Oops, Gary! I'm an actor, not an archeologist!

Rules within rules within rules

The grammars we've written together so far have replacement syntax (#somethinglikethis#) only in the expansions for the origin rule. But you can include that syntax in any expansion you want! This is a powerful tool for building sophisticated grammars that are built up from reusable parts. For example, this tiny model of English reuses the noun and verb rules in multiple places, thereby preventing repetition and increasing expressiveness.

In [84]:
rules = {
    "origin": "#nounphrase.capitalize# #verbphrase#.",
    "nounphrase": ["the #noun#", "the #noun#", "#noun.a#", "#noun.a#", "the #noun# that #verbphrase#",
                   "the #noun# #prep# #nounphrase#"],
    "verbphrase": ["#verb#", "#verb# #nounphrase#", "#verb# #prep# #nounphrase#"],
    "noun": ["amoeba", "dichotomy", "seagull", "trombone", "corsage", "restaurant", "suburb"],
    "verb": ["awakens", "bends", "burns", "closes", "expands", "fails", "fractures", "gathers",
             "melts", "opens", "ripens", "scatters", "stops", "sways", "turns", "unfurls", "worries"],
    "prep": ["in", "on", "over", "against"]
}
grammar = tracery.Grammar(rules)
grammar.add_modifiers(base_english)
for i in range(10):
    print(grammar.flatten("#origin#"))
The suburb against a restaurant melts on the dichotomy.
The corsage turns a suburb.
The restaurant fails the restaurant that stops.
The restaurant that opens the restaurant that gathers unfurls.
The dichotomy against a dichotomy ripens.
A trombone melts.
The suburb that unfurls an amoeba fractures.
The amoeba ripens the corsage that scatters the trombone.
The amoeba over a seagull opens against the corsage in the restaurant.
A restaurant ripens.

Next steps

Congratulations, you now know the basics of writing a Tracery grammar and how to use them in Python.

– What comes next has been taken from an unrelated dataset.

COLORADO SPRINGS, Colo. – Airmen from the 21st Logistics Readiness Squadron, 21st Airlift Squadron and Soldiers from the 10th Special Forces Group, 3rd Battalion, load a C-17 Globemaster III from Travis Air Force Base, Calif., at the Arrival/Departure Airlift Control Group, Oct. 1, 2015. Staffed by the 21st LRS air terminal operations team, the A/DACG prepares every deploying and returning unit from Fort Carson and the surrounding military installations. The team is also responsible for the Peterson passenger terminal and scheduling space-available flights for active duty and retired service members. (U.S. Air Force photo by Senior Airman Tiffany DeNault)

Tracery has a number of features that we didn't go into here, including the ability to save the output of a rule to be re-used later in the same expansion. See Kate Compton's tutorial for more information. You might be interested in these advanced text generators that Kate Compton made with Tracery.

If you're a Javascript programmer and you want to incorporate Tracery into your own projects, the source code is available here (also available as a Node module).